Planting Seeds and Harvesting Smiles

Jeremy Gelman
June 2007
Planting Seeds and Harvesting Smiles

Israel's war with Lebanon may seem like old news, but the damage is still fresh.

They hid it well. The houses looked normal, restaurants were full, and children played in the street after school. People smiled and were quick to reminisce about good times. Not a hint of bitterness could be found in their voices.

To a casual observer, this all may have seemed like a normal December day in the north of Israel, but that was before they took you to the bomb shelters. And that was before you saw the craters in backyards, the charred forests, the nightmare-filled sleep of children and the feeling that one day, the bombs will inevitably return.

These were the things that brought us to Kiryat Shmona, an Israeli city only miles from the Lebanese border. In joining over 500 Jewish college students and young adults this past December for two days of a ten-day program called Leading Up North, the B'nai B'rith Youth Organization's (BBYO) International Board arrived ready to help.

Our service started when we found ourselves on a barren mountain slope with over 40 busloads of North American teens and young adults. A tour guide told us that the empty acres of land surrounding us had been a lush forest that burned in a fire started by a single Katyusha rocket. It took hundreds of us to replant the trees which fell victim to just one rocket—one of thousands that rained on northern Israel for over 30 days this past summer. The mountain slope's vast emptiness was humbling, but the process of replanting an entire forest proved therapeutic. We finally understood that our presence was really making a difference.

Once we were finished helping the land, we set out to help the people.

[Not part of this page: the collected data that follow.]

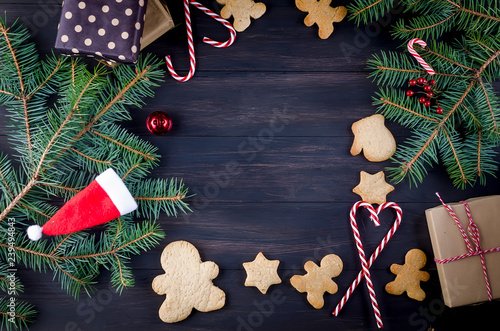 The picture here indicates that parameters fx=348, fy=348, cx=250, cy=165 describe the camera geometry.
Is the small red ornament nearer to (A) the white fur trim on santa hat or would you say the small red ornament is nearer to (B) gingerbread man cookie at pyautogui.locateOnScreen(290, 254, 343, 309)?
(A) the white fur trim on santa hat

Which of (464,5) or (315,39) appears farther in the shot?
(315,39)

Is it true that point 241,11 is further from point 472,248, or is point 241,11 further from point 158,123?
point 472,248

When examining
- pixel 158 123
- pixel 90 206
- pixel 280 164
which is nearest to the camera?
pixel 90 206

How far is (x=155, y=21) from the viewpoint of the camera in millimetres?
1213

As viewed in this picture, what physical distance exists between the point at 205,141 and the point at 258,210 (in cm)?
32

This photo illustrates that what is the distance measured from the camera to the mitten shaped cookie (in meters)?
1.26

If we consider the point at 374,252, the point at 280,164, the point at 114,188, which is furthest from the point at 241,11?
the point at 374,252

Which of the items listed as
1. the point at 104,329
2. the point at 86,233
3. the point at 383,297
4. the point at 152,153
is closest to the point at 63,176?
the point at 86,233

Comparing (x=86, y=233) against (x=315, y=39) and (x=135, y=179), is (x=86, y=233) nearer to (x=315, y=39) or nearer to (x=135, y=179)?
(x=135, y=179)

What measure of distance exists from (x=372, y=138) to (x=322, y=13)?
19.5 inches

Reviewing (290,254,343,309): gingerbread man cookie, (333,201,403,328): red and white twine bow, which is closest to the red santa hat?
(290,254,343,309): gingerbread man cookie

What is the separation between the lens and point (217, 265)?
1.26m

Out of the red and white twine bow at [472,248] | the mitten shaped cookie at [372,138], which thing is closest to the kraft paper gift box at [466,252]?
the red and white twine bow at [472,248]

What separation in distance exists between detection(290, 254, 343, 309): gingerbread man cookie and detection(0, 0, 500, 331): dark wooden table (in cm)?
4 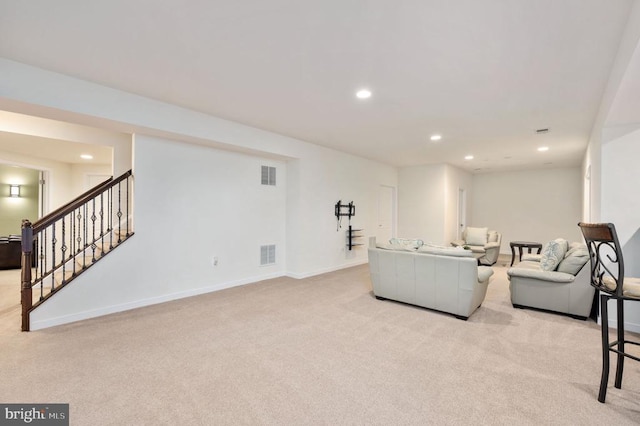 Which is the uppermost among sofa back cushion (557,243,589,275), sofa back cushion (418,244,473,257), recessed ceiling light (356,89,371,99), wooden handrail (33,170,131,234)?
recessed ceiling light (356,89,371,99)

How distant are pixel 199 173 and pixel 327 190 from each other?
8.57 ft

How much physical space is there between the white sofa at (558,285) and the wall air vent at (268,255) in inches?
148

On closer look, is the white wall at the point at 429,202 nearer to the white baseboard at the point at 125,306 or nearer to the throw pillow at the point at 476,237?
the throw pillow at the point at 476,237

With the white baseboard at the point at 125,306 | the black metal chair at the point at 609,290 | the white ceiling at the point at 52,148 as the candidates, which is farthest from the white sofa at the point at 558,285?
the white ceiling at the point at 52,148

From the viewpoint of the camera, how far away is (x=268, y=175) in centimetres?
550

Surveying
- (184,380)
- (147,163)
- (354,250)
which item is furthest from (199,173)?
(354,250)

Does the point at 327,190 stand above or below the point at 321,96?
below

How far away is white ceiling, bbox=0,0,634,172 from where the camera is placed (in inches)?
78.7

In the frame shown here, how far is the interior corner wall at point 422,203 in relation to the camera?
7.72m

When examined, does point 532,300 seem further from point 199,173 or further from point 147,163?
point 147,163

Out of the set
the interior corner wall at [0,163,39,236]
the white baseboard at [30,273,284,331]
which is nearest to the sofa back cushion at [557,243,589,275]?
the white baseboard at [30,273,284,331]

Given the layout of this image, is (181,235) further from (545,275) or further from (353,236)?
(545,275)

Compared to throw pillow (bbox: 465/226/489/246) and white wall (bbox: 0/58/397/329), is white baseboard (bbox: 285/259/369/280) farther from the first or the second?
throw pillow (bbox: 465/226/489/246)

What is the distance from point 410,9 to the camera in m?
1.95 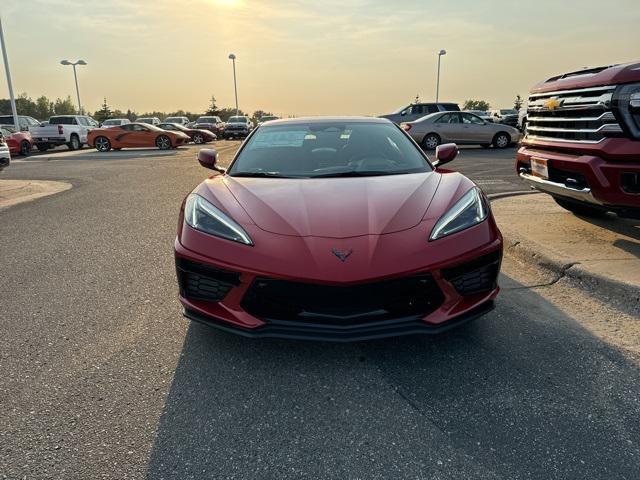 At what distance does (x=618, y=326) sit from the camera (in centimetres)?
313

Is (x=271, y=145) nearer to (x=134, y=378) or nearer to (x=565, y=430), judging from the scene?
(x=134, y=378)

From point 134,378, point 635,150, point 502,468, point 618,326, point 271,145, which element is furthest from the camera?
point 271,145

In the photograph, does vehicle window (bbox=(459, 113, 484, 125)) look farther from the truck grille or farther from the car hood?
the car hood

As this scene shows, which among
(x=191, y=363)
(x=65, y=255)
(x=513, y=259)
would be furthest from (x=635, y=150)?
(x=65, y=255)

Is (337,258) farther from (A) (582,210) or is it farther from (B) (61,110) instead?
(B) (61,110)

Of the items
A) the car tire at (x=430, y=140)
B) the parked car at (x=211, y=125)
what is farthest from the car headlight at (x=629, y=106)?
the parked car at (x=211, y=125)

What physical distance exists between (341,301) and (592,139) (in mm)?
Answer: 3066

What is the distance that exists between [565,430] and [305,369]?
1295mm

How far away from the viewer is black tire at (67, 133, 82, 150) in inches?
954

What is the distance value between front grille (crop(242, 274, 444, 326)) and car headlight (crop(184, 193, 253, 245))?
13.1 inches

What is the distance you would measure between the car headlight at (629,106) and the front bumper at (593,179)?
276 mm

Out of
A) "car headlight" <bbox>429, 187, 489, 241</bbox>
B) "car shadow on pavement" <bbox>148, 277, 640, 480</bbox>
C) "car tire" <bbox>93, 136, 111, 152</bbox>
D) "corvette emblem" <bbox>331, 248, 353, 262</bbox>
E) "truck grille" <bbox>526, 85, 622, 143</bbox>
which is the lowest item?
"car shadow on pavement" <bbox>148, 277, 640, 480</bbox>

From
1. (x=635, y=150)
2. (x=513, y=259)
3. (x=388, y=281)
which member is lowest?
(x=513, y=259)

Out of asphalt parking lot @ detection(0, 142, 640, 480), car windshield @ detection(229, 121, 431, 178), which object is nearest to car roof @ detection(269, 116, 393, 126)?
car windshield @ detection(229, 121, 431, 178) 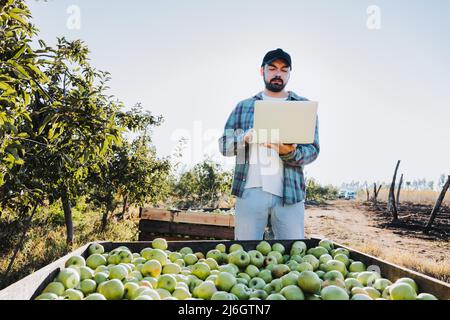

We traveled to the local Jewish Center in Kiryat Shmona and helped staff a children's carnival at as part of a community-wide concert called Festival B'Shekel. The carnival seemed like a fun task, with my group working the balloon animal and cotton candy station.

After I handed balloons to a set of 6-year-old twin brothers, their parents thanked me profusely. In broken English, their teary-eyed father told me how one of his boys was having trouble sleeping ever since the bombings began and how neither boy wanted to play outside anymore. But today, they were full of joy, smiling constantly and demanding cotton candy at a rate that our cotton candy machine from the late 1980s just couldn't handle. All of the carnival activity made it easy to forget the trauma these 3-foot-tall bundles of laughter had to experience when they should have been enjoying a carefree summer break.

Just one short day in Kiryat Shmona helped me to understand the impact of the war far beyond what we all saw on television this summer. It will take years for these kids to get over 30 straight days and nights of hell. It will take decades for forests to grow back and a lifetime for people to stop looking at the sky expecting the next rocket to fall.

But having the chance to join with over 500 North American students who were dedicated to making a difference revealed that Israel is still in need of healing even when it isn't the top headline on the news. Each of us has a role to play in making it easier for those who should never have to live in terror again.

Jeremy, 18, lives in Greenwood Village, Colo. He is currently serving as the Grand Aleph Godol of the Aleph Zadik Aleph, or International President of the men's half of BBYO. For the past seven months, Jeremy has traveled the world, meeting with BBYO members from Los Angeles to Bulgaria and everywhere in between. When his term ends in June, Jeremy will attend the University of Colorado-Boulder.